Gebed voor Sion
1 Een pelgrimslied.
HEERE, denk aan David,
aan al zijn lijden,
2 hoe hij de HEERE gezworen heeft,
de Machtige Jakobs deze gelofte deed:
3 Nee, ik ga mijn tent, mijn huis, niet binnen,
ik leg mij op de rustbank, mijn bed, niet neer;
4 ik gun mijn ogen geen slaap,
mijn oogleden geen sluimer,
5 totdat ik voor de HEERE een plaats gevonden heb,
een woning voor de Machtige Jakobs!
6 Zie, wij hebben van de ark gehoord in Efratha,
hem gevonden in de velden van Jaär.
7 Laten wij Zijn woning binnengaan,
ons neerbuigen voor de voetbank van Zijn voeten.
8 Sta op, HEERE, ga naar Uw rustplaats,
U en de ark van Uw macht.
9 Laat Uw priesters bekleed worden met gerechtigheid,
laat Uw gunstelingen juichen.
10 Wijs het gebed van Uw gezalfde niet af,
omwille van David, Uw dienaar.
11 De HEERE heeft David in waarheid gezworen,
en Hij zal daar niet van afwijken:
Eén van de vrucht van uw schoot
zal Ik op uw troon zetten.
12 Als uw zonen Mijn verbond in acht zullen nemen
en Mijn getuigenissen, die Ik hun leren zal,
zullen ook hun zonen tot in eeuwigheid
op uw troon zitten.
13 Want de HEERE heeft Sion verkozen,
Hij heeft het begeerd tot Zijn woongebied.
14 Dit is, zei Hij , Mijn rustplaats tot in eeuwigheid,
hier zal Ik wonen, want naar haar heb Ik verlangd.
15 Haar voedsel zal Ik rijk zegenen,
haar armen met brood verzadigen.
16 Haar priesters zal Ik kleden met heil,
haar gunstelingen zullen uitbundig juichen.

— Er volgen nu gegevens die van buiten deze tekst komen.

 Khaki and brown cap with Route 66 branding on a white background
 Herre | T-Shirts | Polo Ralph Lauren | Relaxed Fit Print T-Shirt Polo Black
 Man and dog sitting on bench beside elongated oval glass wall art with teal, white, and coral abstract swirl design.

17 Daar zal Ik voor David een hoorn doen opkomen
en voor Mijn gezalfde een lamp gereedmaken.
18 Ik zal zijn vijanden met schaamte kleden,
maar op hem zal zijn diadeem schitteren.
Davids sorchvuldicheyt belangende het brengen der Arke binnen Ierusalem, mitsgaders sijn gebedt daer over gedaen, met verhael van den eedt ende beloften die Godt David ende sijner kercke gedaen heeft, aengaende het eeuwich Coninckrijcke Christi .

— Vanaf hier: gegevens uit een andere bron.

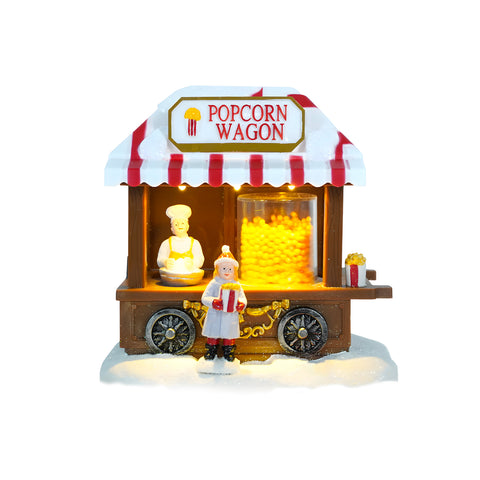 Bewegende kerstpopcornwinkel met ledverlichting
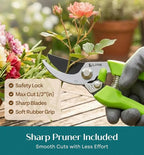 Heavy Duty Garden Tools Floral Set - Rust Proof, Non-Slip, Durable Gardening Supplies - Ergonomic Hand Tools - Ideal Gardening Gifts for Women, Men Mom, Dad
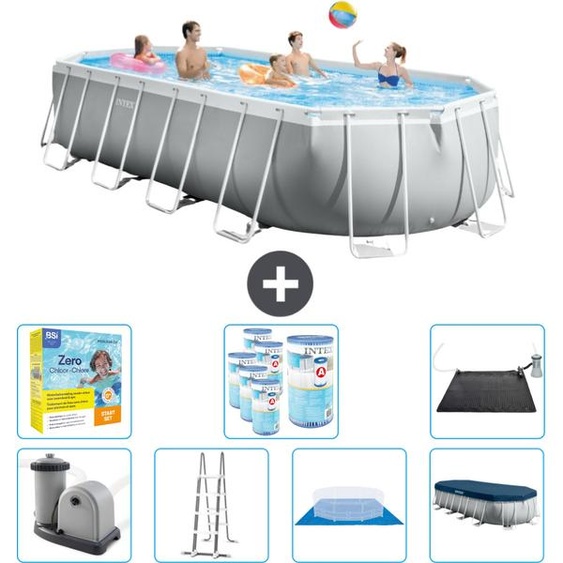 Intex Oval Prism Frame Piscine - 610 x 305 x 122 cm - Gris - pompe - échelle - bâche de fond - kit de maintenance de la couverture - filtre - tapis solaire inclus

1 EEn Liedt Hammaaloth. O HEERE, gedenckt aen David, aen al sijn lijden;
2 Dat hy den HEERE gesworen heeft: den Machtigen Iacobs gelofte gedaen heeft, [seggende],
3 So ick in de Tente mijnes huyses ingae, so ick op de coetse van mijn bedde klimme!
4 So ick mijnen oogen slaep geve, mijnen oog-leden sluymeringe!
5 Tot dat ic voor den HEERE eene plaetse gevonden sal hebben: wooningen voor den Machtigen Iacobs.
6 Siet, wy hebben van haer gehoort, in Ephrata: wy hebbense gevonden in de velden van Iaär.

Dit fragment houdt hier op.